- Vilkij-e Shomali Rural District Location within Iran
- Coordinates: 38°22′N 48°31′E﻿ / ﻿38.367°N 48.517°E
- Country: Iran
- Province: Ardabil
- County: Namin
- District: Central
- Established: 1987
- Capital: Naneh Karan

Population (2016)
- • Total: 4,996
- Time zone: UTC+3:30 (IRST)

= Vilkij-e Shomali Rural District =

Rural district in Ardabil province, Iran

Vilkij-e Shomali Rural District (دهستان ويلكيج شمالي) is in the Central District of Namin County, Ardabil province, Iran.
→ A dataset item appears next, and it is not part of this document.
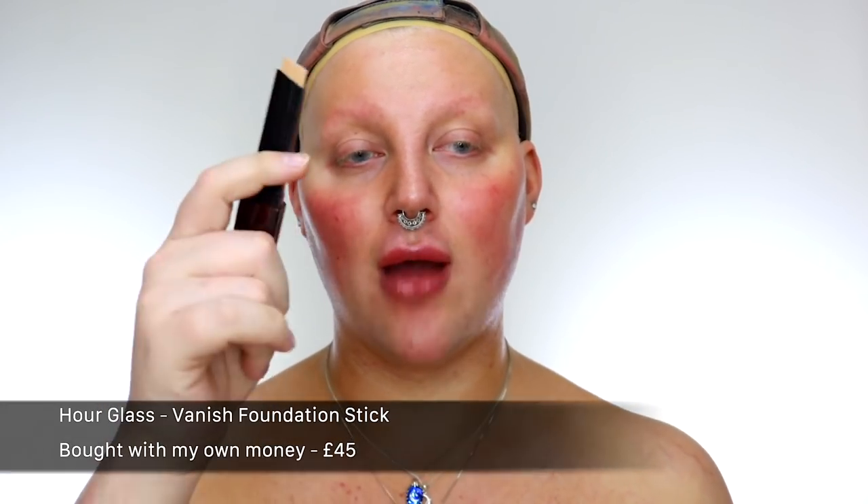So I'm gonna do my normal method — foundation stick first then buff out with a liquid. The Fenty is my absolute ride or die, I use this with every stick foundation, and then I've recently been loving the Hourglass stick foundation. I re-bought it the other day and I'm annoyed that I've not had it for so long. So Hourglass stick first, then I'm gonna buff it in with the Fenty. A couple of pumps of the Fenty on the back of my hand — by couple I mean way too much but who cares — and then just gonna start bouncing that in on top.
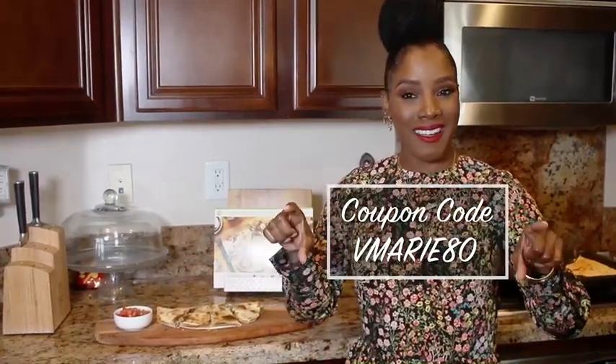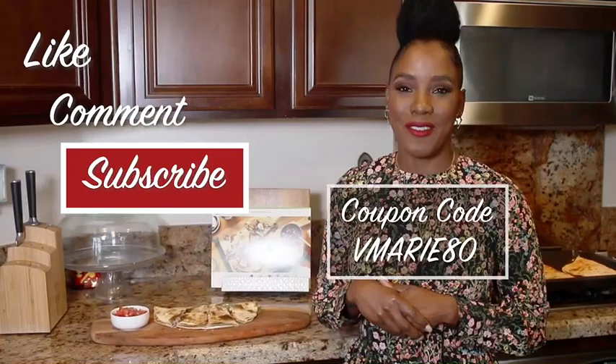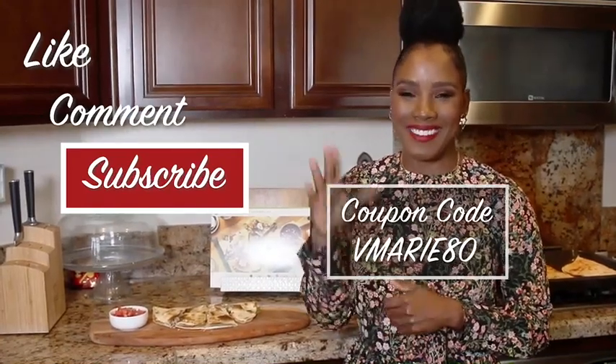Again, link is in the description bar below. Code is right here for you guys to use as well as $80 off for your first month. Take care.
Its capital is the village of Naneh Karan.

==Demographics==
===Population===
At the time of the 2006 National Census, the rural district's population was 5,966 in 1,423 households. There were 5,551 inhabitants in 1,630 households at the following census of 2011. The 2016 census measured the population of the rural district as 4,996 in 1,558 households. The most populous of its 21 villages was Naneh Karan, with 935 people.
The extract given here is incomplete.